January 7th, 2026
intriguing1 reaction

How can I find out where the Windows caret is?

A customer was looking for a way to find the location of the caret (the blinking line that indicates where the next character will be inserted). They tried Get­Caret­Pos, but it always failed.

Most window manager state functions that were global in 16-bit Windows became per-thread in 32-bit Windows, as part of the conversion to the asynchronous input model. The Get­Caret­Pos function returns the caret position for your thread. (Specifically, the caret that belongs to the current thread and shared with all the other threads that the current thread has been Attach­Thread­Input‘d to, either explicitly or implicitly.)¹

To get the global state, you can call Get­GUI­Thread­Info with a thread ID of zero to say that you want the information of whatever thread owns the foreground window.

GUITHREADINFO info = { sizeof(info) };
if (GetGUIThreadInfo(0, &info)) {
    if (info.flags & GUI_CARETBLINKING) {
        ⟦ info.rcCaret contains the location of the caret ⟧
        ⟦ relative to info.hwndCaret                      ⟧
    }
}

The customer explained that they were writing an accessibility tool that moves the mouse to wherever keyboard focus is. So they filled in the code like this:

GUITHREADINFO info = { sizeof(info) };
if (GetGUIThreadInfo(0, &info)) {
    if (info.flags & GUI_CARETBLINKING) {
        // Convert rcCaret to screen coordinates                           
        MapWindowPoints(info.hwndCaret, nullptr, (POINT*)&info.rcCaret, 2);
                                                                           
        // Move the cursor to the bottom right corner                      
        SetCursorPos(info.rcCaret.right - 1, info.rcCaret.bottom - 1);     
    }
}

But there are times when the GUI_CARET­BLINKING flag is not set, even though you can see a blinking caret with your own eyes.

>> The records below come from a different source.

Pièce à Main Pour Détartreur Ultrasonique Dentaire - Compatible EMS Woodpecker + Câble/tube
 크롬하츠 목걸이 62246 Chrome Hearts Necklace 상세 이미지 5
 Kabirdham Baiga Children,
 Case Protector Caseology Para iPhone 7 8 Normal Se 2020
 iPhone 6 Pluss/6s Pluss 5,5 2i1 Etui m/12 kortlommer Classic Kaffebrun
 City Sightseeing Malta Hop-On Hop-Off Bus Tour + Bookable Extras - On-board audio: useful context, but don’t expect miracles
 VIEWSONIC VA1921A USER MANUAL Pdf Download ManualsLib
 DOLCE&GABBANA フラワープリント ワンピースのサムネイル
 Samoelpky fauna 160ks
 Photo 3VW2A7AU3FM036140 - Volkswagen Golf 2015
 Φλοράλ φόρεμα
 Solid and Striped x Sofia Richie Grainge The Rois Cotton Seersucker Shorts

These are cases where the program with keyboard focus is not using Create­Caret but are instead drawing a custom caret that blinks on a custom timer.

We’ll look at that next time.

¹ Things that are local to the current thread (and any other threads it is attached to) include

  • The capture, focus, and active windows,
  • The input queue and message queue,
  • The mouse cursor shape and show count,
  • The keyboard state,
  • The caret.

In Windows 95, these things were kept in a structure called the “virtual window information” because it was taking what used to be global state in Windows 3.1 and making it local state, virtualizing each thread into thinking that it was controlling the show. The abbreviation for the virtual information was “vwi”, which was pronounced “vee-wee”. So you might overhear people on the window manager team saying something like “You can’t capture to a window that belongs to somebody else’s vee-wee.”

Topics
Code

Author

Raymond has been involved in the evolution of Windows for more than 30 years. In 2003, he began a Web site known as The Old New Thing which has grown in popularity far beyond his wildest imagination, a development which still gives him the heebie-jeebies. The Web site spawned a book, coincidentally also titled The Old New Thing (Addison Wesley 2007). He occasionally appears on the Windows Dev Docs Twitter account to tell stories which convey no useful information.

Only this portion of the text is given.